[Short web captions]
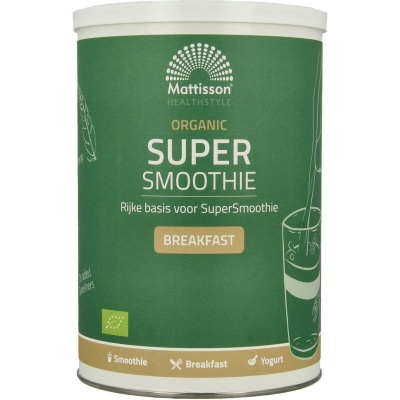 Mattisson Organic supersmoothie breakfast bio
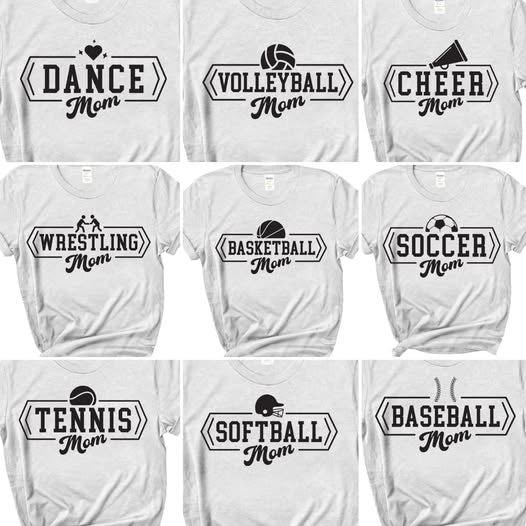 Open Rectangle Sport Mom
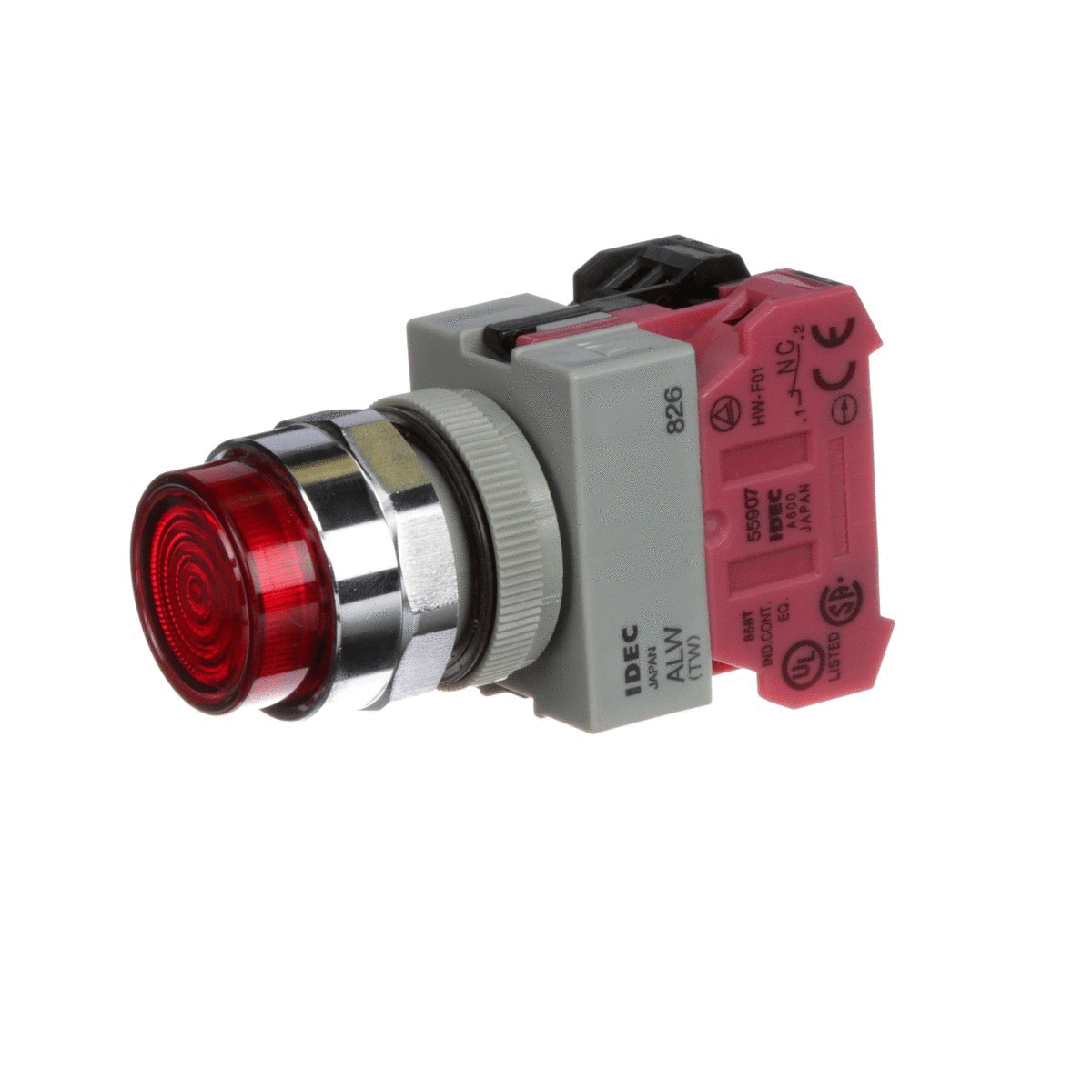 Picture of Wood Stone 70ROC-0100 Push Button Switch&#44; Red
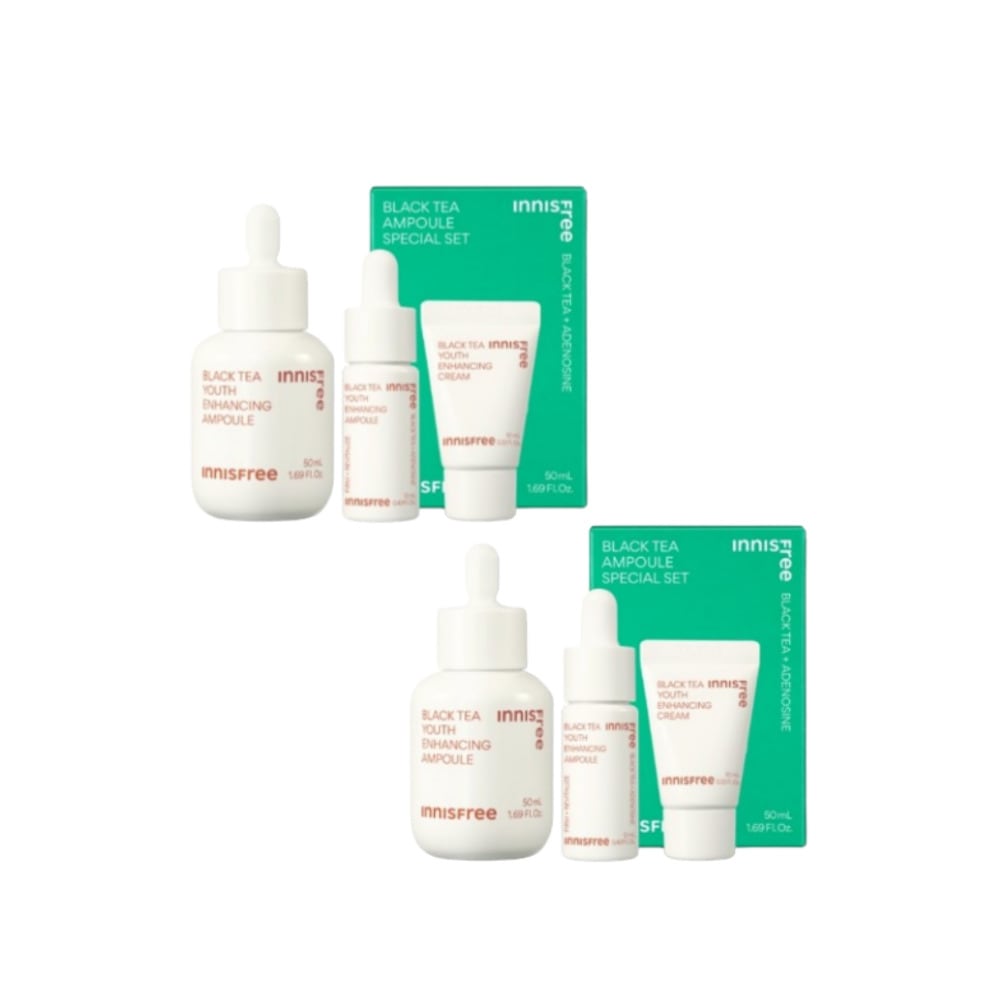 ブラックティー ユース エンハンシング 弾力 アンプル 50ml + エンハンシング アンプル 12ml + エンハンシングクリーム 10mlセット2セット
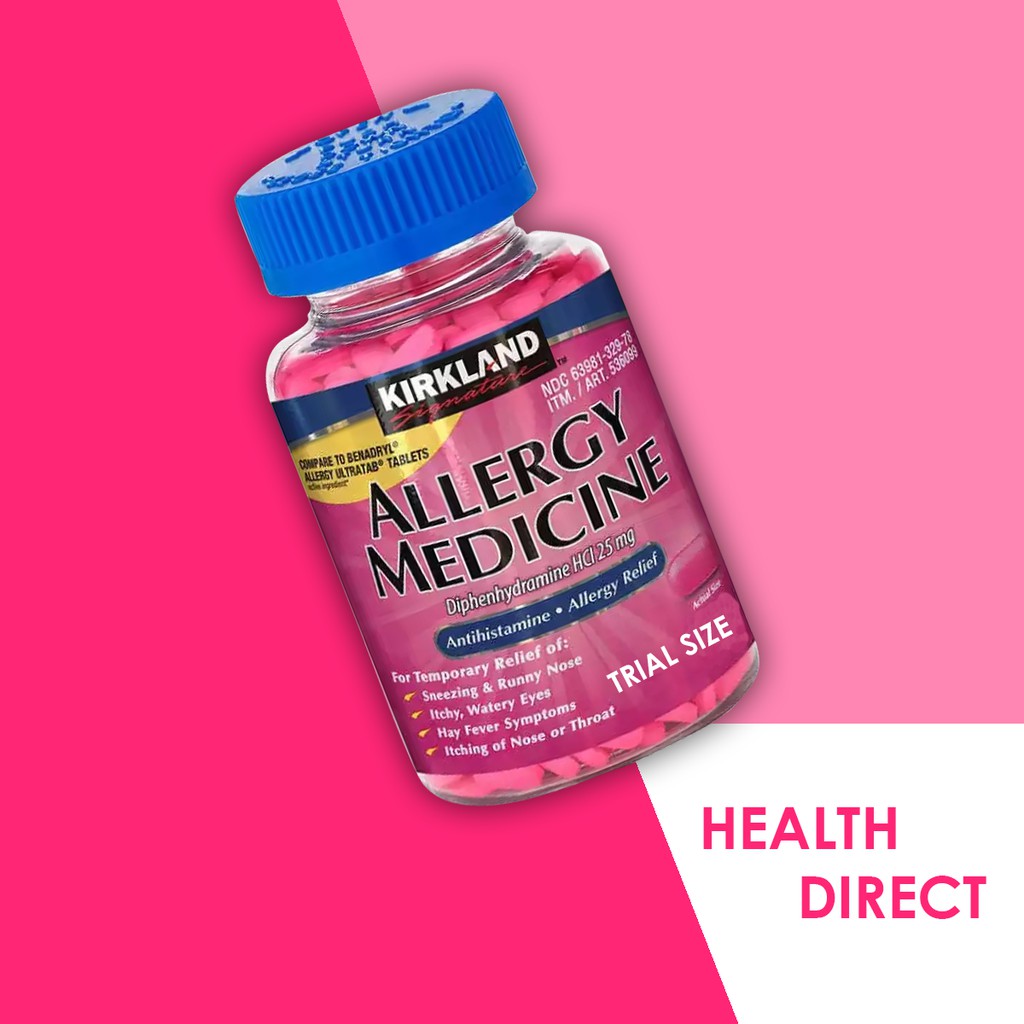 With any other product containing diphenhydramine, even one used on skin. Kirkland Signature Allergy Medicine 25 Mg 600 Minitabs Shopee Philippines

◆ REQUIRED WORK ◆
Could you retype every record exactly, leaving the pictures out?

◆ TASK SOLUTION ◆
 Mattisson Organic supersmoothie breakfast bio
 Open Rectangle Sport Mom
 Picture of Wood Stone 70ROC-0100 Push Button Switch&#44; Red
 ブラックティー ユース エンハンシング 弾力 アンプル 50ml + エンハンシング アンプル 12ml + エンハンシングクリーム 10mlセット2セット
 With any other product containing diphenhydramine, even one used on skin. Kirkland Signature Allergy Medicine 25 Mg 600 Minitabs Shopee Philippines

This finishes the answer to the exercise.